[Data records]
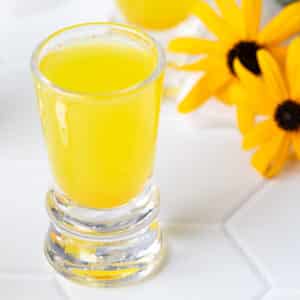Lemon ginger turmeric shot in shot glass.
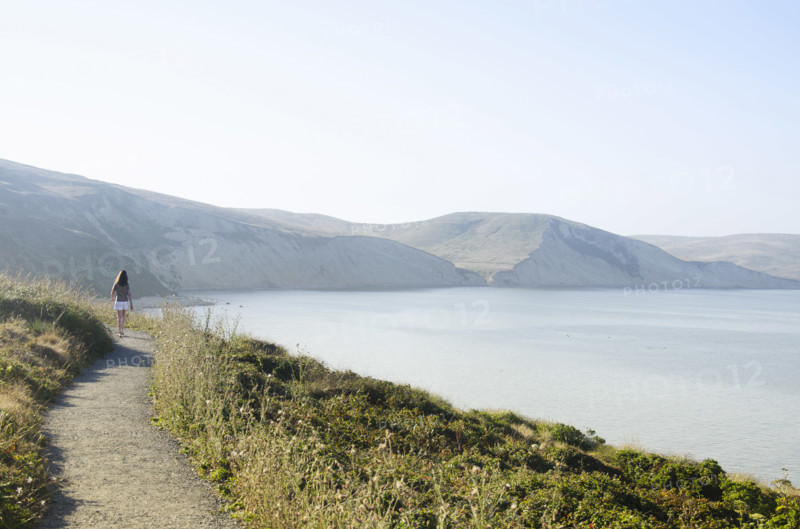 Rear view of woman on path at Drakes Bay, Inverness, California, USA.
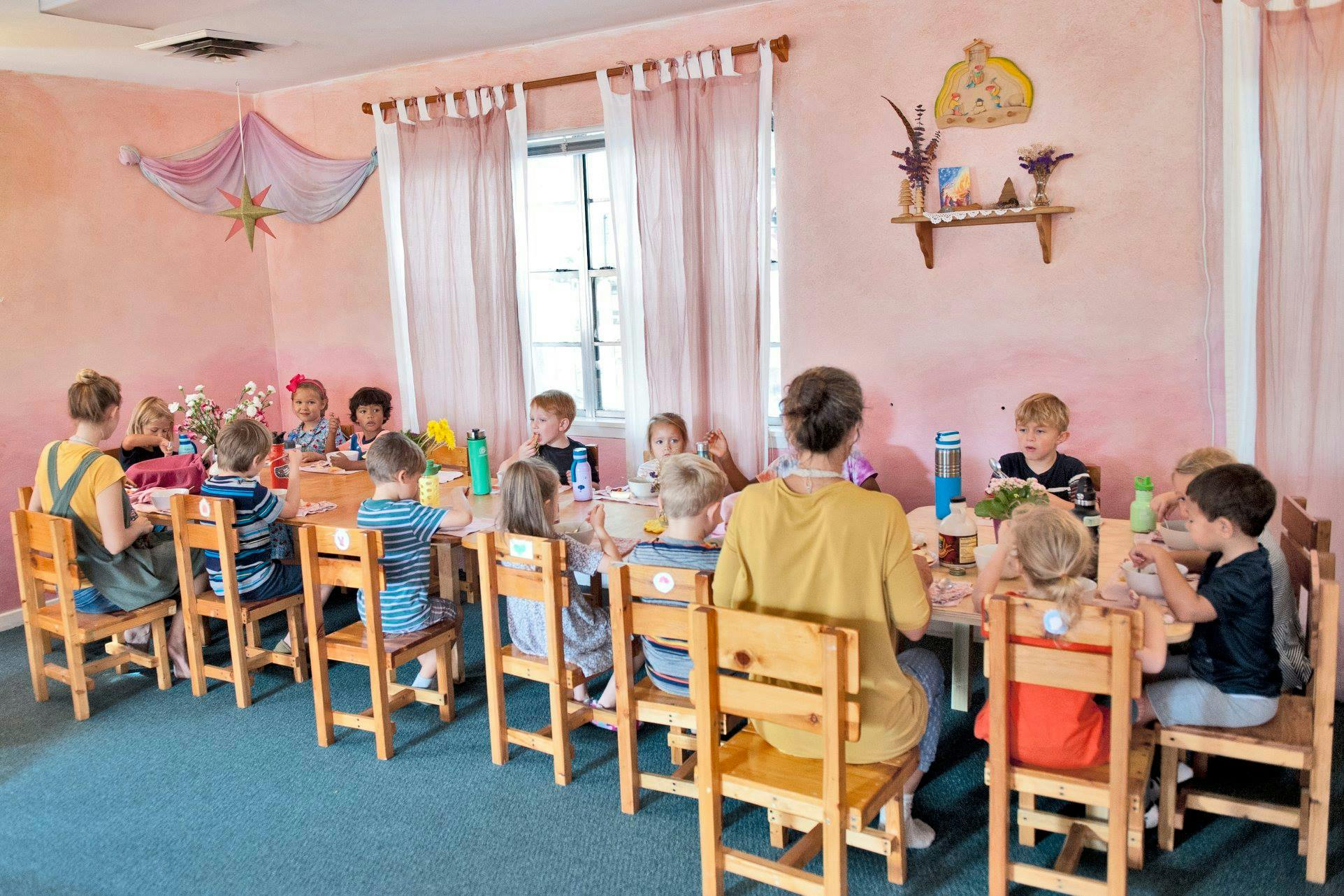 Adults and children sitting at tables in a classroom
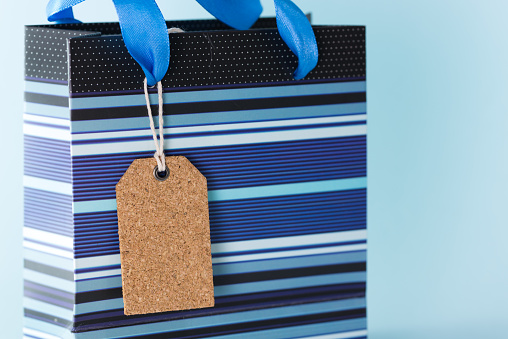 Close up of blank tag on blue striped paper bag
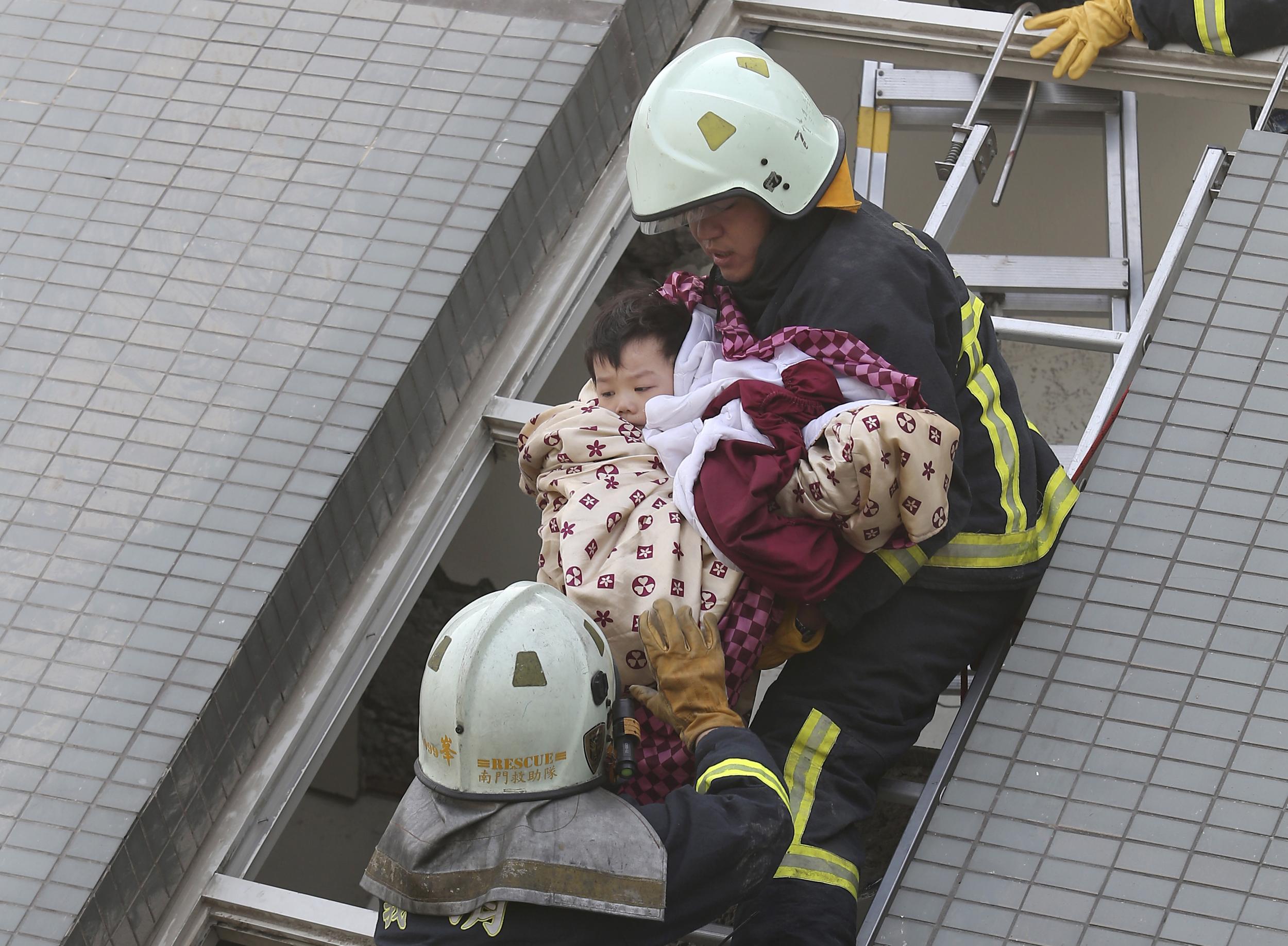 Another swaddled toddler being rescued from the collapsed residential complex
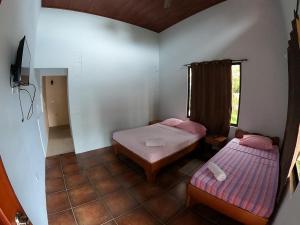 Cette petite chambre comprend 2 lits et une fenêtre. dans l'établissement Laureles Collection Uvita - Cabinas Los Laureles, à Uvita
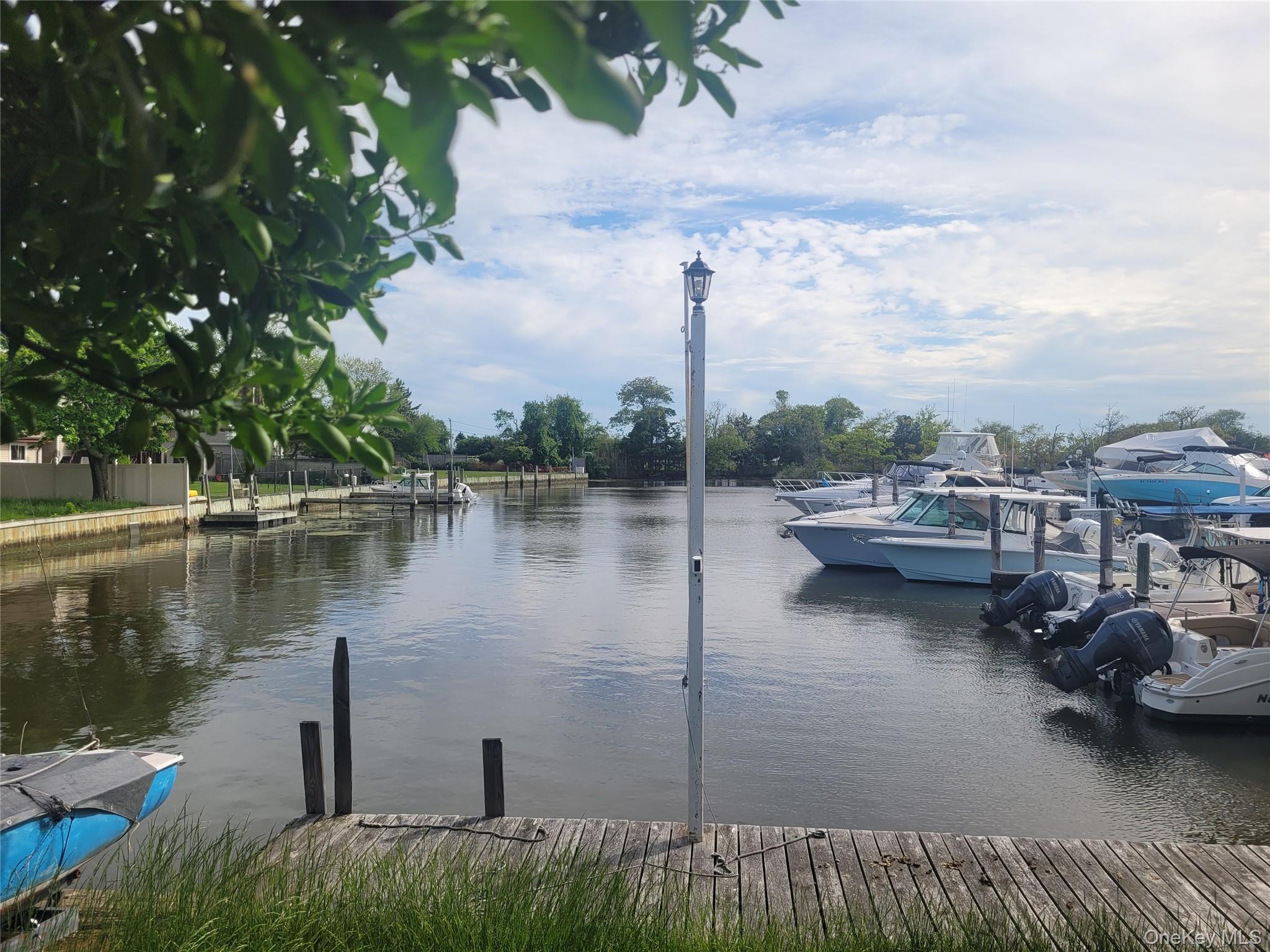 8 Cornell Road East Patchogue, NY 11772 - Photo 3 of 18 a view of a lake with cars parked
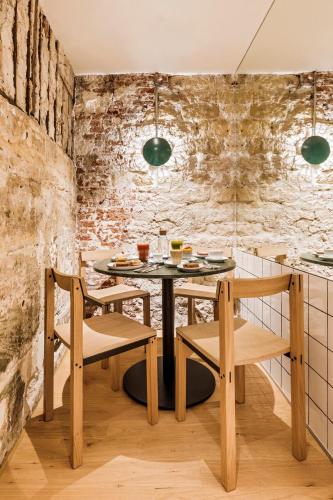 a dining room with a table and two chairs at Hôtel Mathis Elysées in Paris
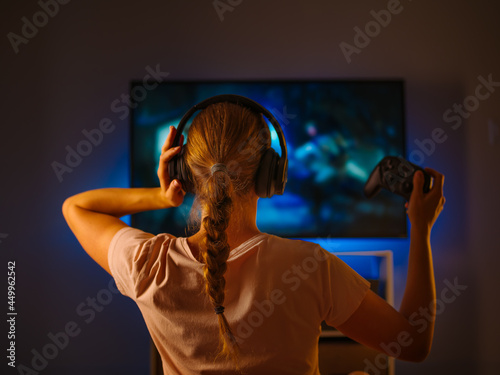 Video game. The girl plays a video game with a joystick. Night time. Home furnishings. Day off. Hobby, gambling addiction. Gaming business. Color image.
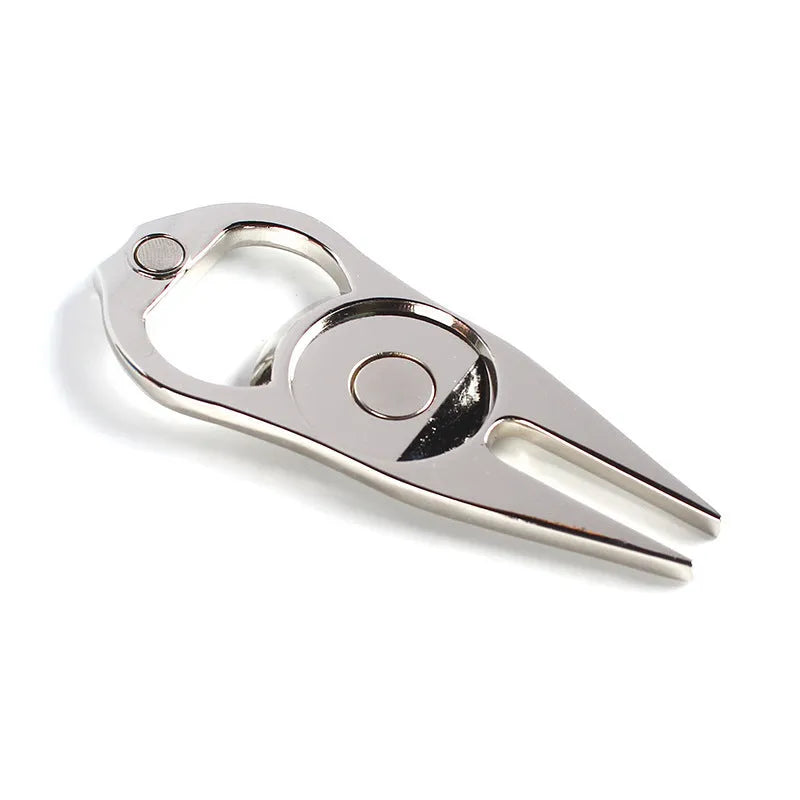 Black zinc alloy golf ball fork and bottle opener tool on green turf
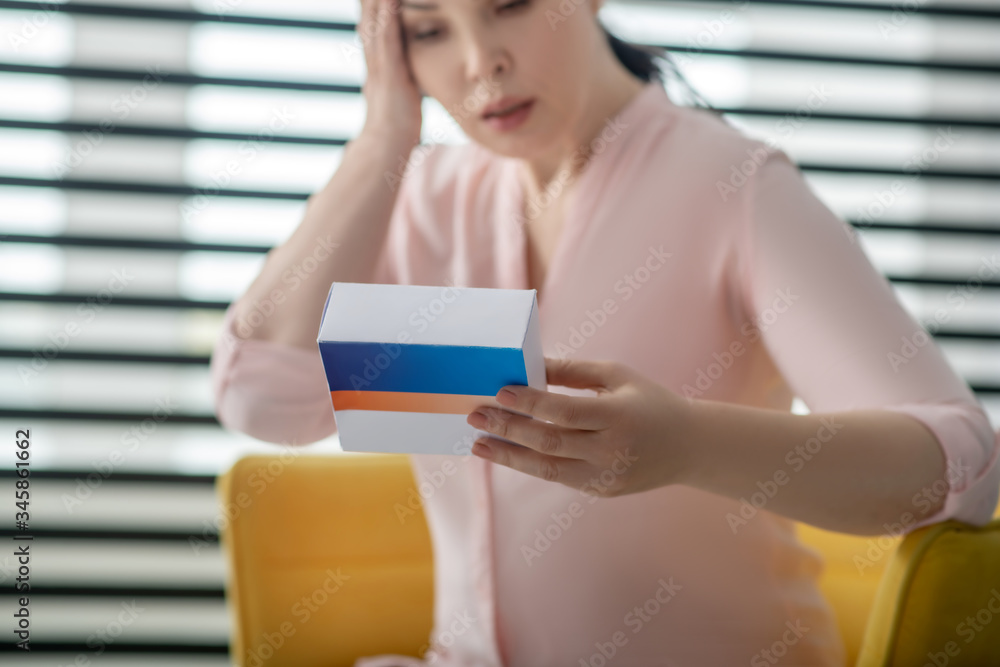 Woman in pink blouse with box of pills in her hand.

§ What you will do
Give the data again word for word, without pictures.

§ Task response
Lemon ginger turmeric shot in shot glass.
 Rear view of woman on path at Drakes Bay, Inverness, California, USA.
 Adults and children sitting at tables in a classroom
 Close up of blank tag on blue striped paper bag
 Another swaddled toddler being rescued from the collapsed residential complex
 Cette petite chambre comprend 2 lits et une fenêtre. dans l'établissement Laureles Collection Uvita - Cabinas Los Laureles, à Uvita
 8 Cornell Road East Patchogue, NY 11772 - Photo 3 of 18 a view of a lake with cars parked
 a dining room with a table and two chairs at Hôtel Mathis Elysées in Paris
 Video game. The girl plays a video game with a joystick. Night time. Home furnishings. Day off. Hobby, gambling addiction. Gaming business. Color image.
 Black zinc alloy golf ball fork and bottle opener tool on green turf
 Woman in pink blouse with box of pills in her hand.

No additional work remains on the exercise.